Video of Oklahoma City Students Making Cats’ Corpses ‘Dance’ Prompts PETA Action
PETA Calls On School to Do Away With Cruel Classroom Dissection
For Immediate Release:
May 12, 2015
Contact:
Tasgola Bruner 202-483-7382
Following a video that was posted to Facebook showing students at Oklahoma City’s top-ranked Harding Charter Preparatory High School playing the jingle from “Meow Mix” cat food commercials and dancing with dead cats slated to be dissected in their anatomy class, PETA is calling on the school to end classroom dissection.
In the video—which was filmed during the last school year—eight students in white lab coats stand in a row, each holding a dead cat, while one student kneels and directs the routine with another dead cat. As the well-known “Meow Mix” song starts to play, the students make the corpses “dance” in what appears to be a choreographed routine. The students smile as they make the dead cats touch each other and bounce in synchronized movements. At the end of the video, the student director holds up a sign that reads, “Piccolo and the Pussycats.” Piccolo is the last name of a science teacher at the school, and although she was tagged in the Facebook post, it’s unclear whether she was present at the time the video was recorded.
In numerous letters to the school reporting this incident—which have gone unanswered—PETA has pointed out that studies show that classroom animal dissection can cause lifelong psychological distress and foster callousness toward animals and that this situation is a case in point. The behavior exhibited in the video also violates leading science education organizations’ guidelines, which state that classrooms must treat animals respectfully and ethically.
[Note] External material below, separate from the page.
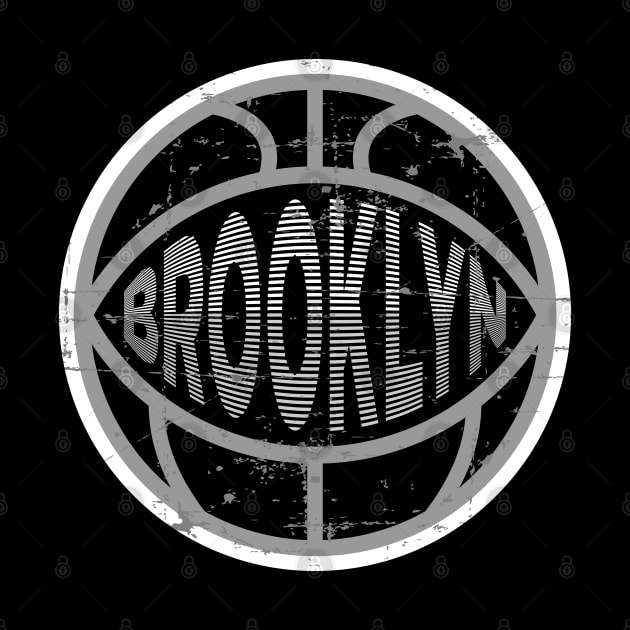 Brooklyn Basketball 2 by HooPet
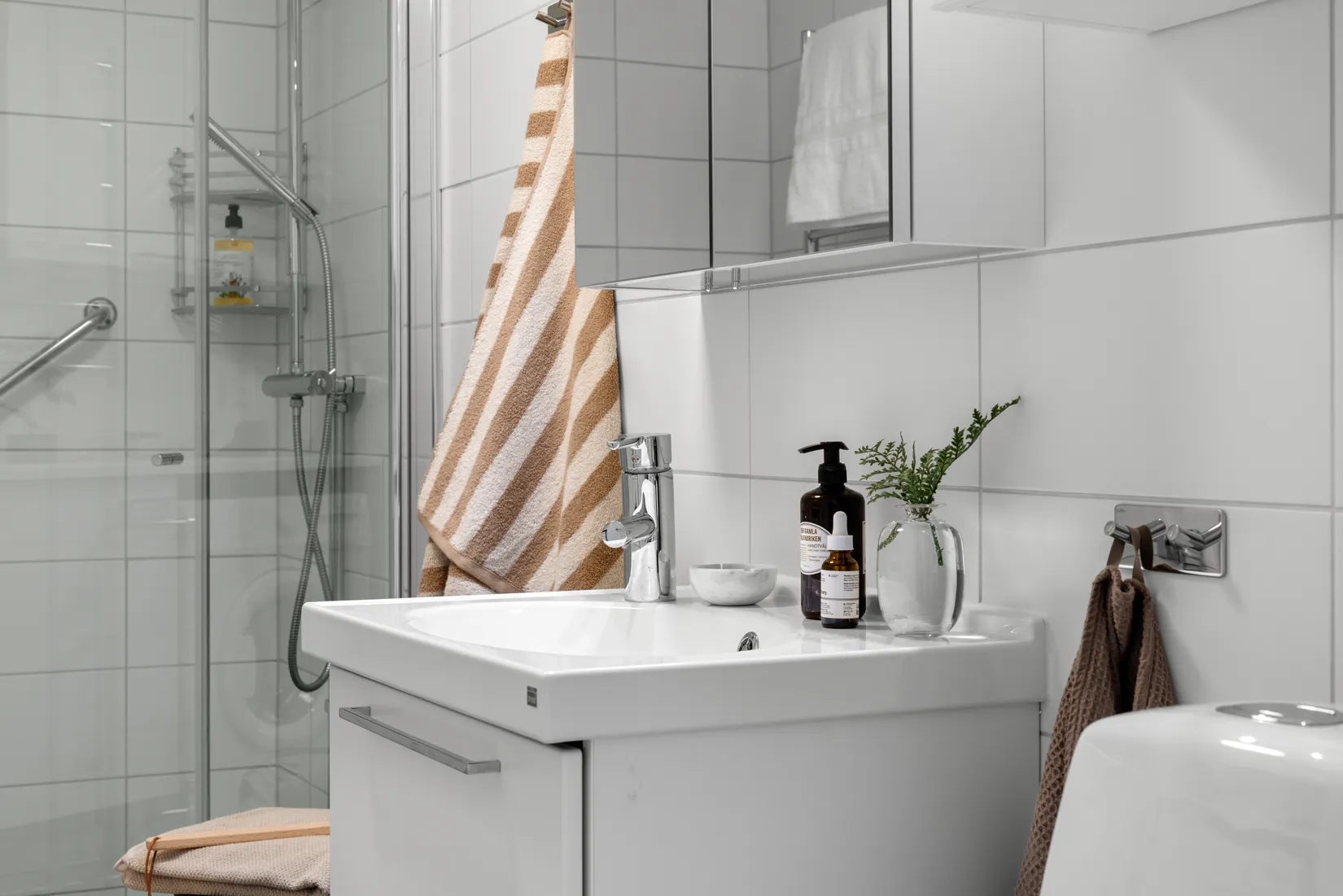 Bostadsrätt, Myggdalsvägen 64, Centrala Tyresö, Tyresö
“Cats used for dissection are often lost or stolen animal companions—but in classrooms like this one, students are taught that they’re props and inanimate laboratory tools to be mocked, used, and discarded,” says PETA Director of Laboratory Investigations Justin Goodman. “PETA is calling on Harding Charter Preparatory High School to teach its students to respect both life and science—and it can start by replacing cruel and archaic animal dissection with humane and more effective non-animal teaching methods.”
Every year in the U.S., an estimated 10 million animals are killed for dissection. Many come from biological supply houses, which breed animals or obtain them from animal shelters or the wild. Non-animal methods, such as interactive computer programs, have been shown to teach biology as well as—and in many cases, better than—dissection. They also save teachers time and money and increase students’ confidence and satisfaction. The National Science Teachers Association endorses the use of modern non-animal methods as replacements for dissection.
PETA’s correspondence with Harding Charter Preparatory High School and a broadcast-quality copy of the video are available upon request.